* **GIVEN RECORDS**:
───
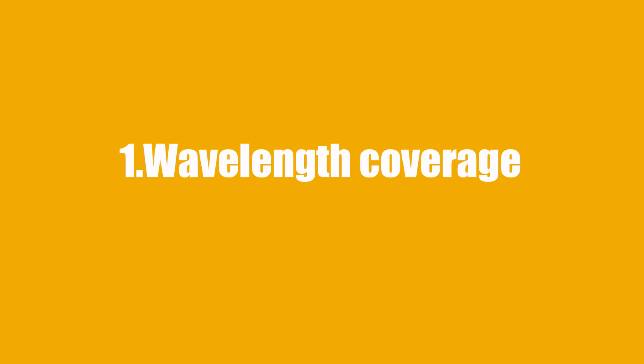One: wavelength coverage. Make sure the glasses are designed to protect against the specific wavelength range of the laser you're working with. This information should be available in the laser's user manual or on the device itself. The glasses should also have a clearly marked optical density OD rating for the specific wavelengths.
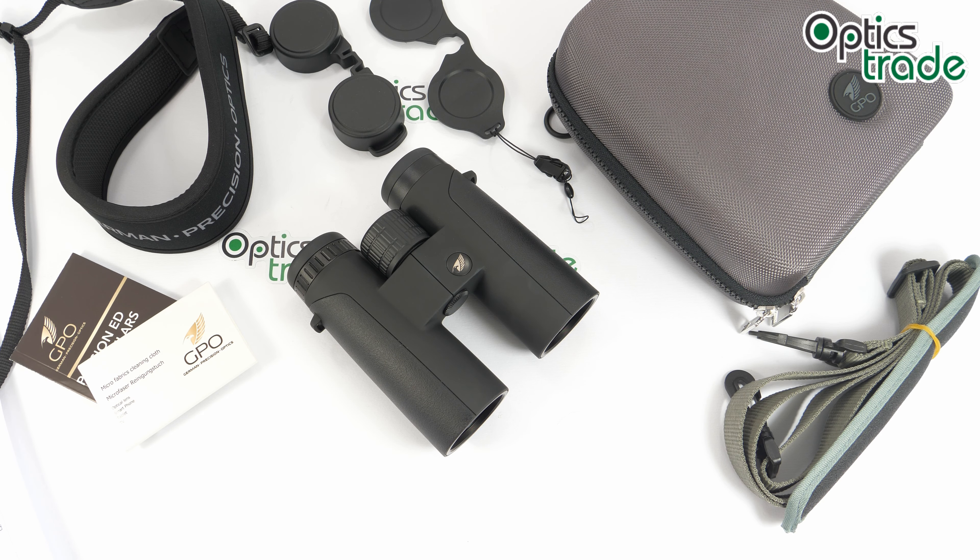Hello and welcome back to another review from Optics Trade. This time I have here binoculars from a pretty unknown brand on the market. This is GPO — German Precision Optics. This is a brand new company on the market which was founded by optical industry professionals that were working with some big companies before.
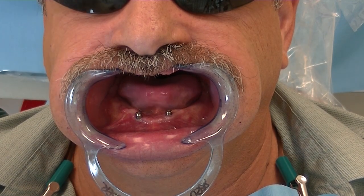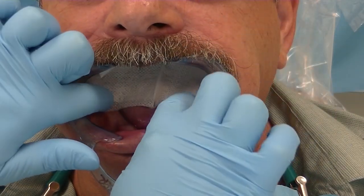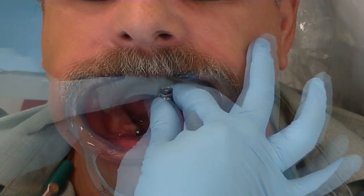Hello, this is Dr. Michael Shearer and this is LearnLocator. What we're going to be doing in this webinar today is a clinical demonstration of the Zest Chair Side Attachment Processing material.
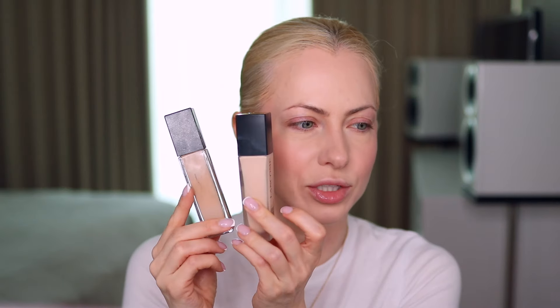For reference, I used to use the NARS Natural Radiant Longwear Foundation in shade Mont Blanc — that's typically my color, but I don't like the tone. The Lancôme 120N looks much more pink compared to the NARS on my hand. For example, the Hourglass Ambient Soft Glow Foundation in shade 3 is more yellow, and that undertone is more suitable for me. I basically need a foundation with a neutral to yellow-leaning tone.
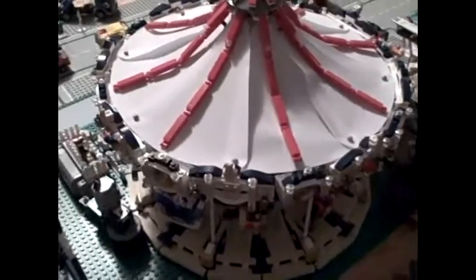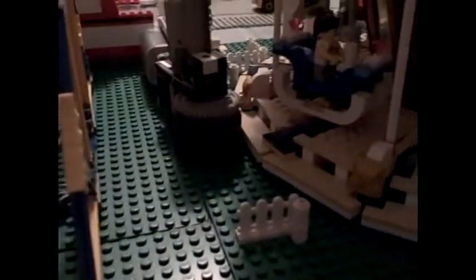Here's my problem. I've got my carousel built, but when I try and run it, it's like the wheel right there will not turn my carousel around.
───
Full transcription without images: please go through the records and repeat them exactly.

* **YOUR RESPONSE**:
One: wavelength coverage. Make sure the glasses are designed to protect against the specific wavelength range of the laser you're working with. This information should be available in the laser's user manual or on the device itself. The glasses should also have a clearly marked optical density OD rating for the specific wavelengths.
Hello and welcome back to another review from Optics Trade. This time I have here binoculars from a pretty unknown brand on the market. This is GPO — German Precision Optics. This is a brand new company on the market which was founded by optical industry professionals that were working with some big companies before.
Hello, this is Dr. Michael Shearer and this is LearnLocator. What we're going to be doing in this webinar today is a clinical demonstration of the Zest Chair Side Attachment Processing material.
For reference, I used to use the NARS Natural Radiant Longwear Foundation in shade Mont Blanc — that's typically my color, but I don't like the tone. The Lancôme 120N looks much more pink compared to the NARS on my hand. For example, the Hourglass Ambient Soft Glow Foundation in shade 3 is more yellow, and that undertone is more suitable for me. I basically need a foundation with a neutral to yellow-leaning tone.
Here's my problem. I've got my carousel built, but when I try and run it, it's like the wheel right there will not turn my carousel around.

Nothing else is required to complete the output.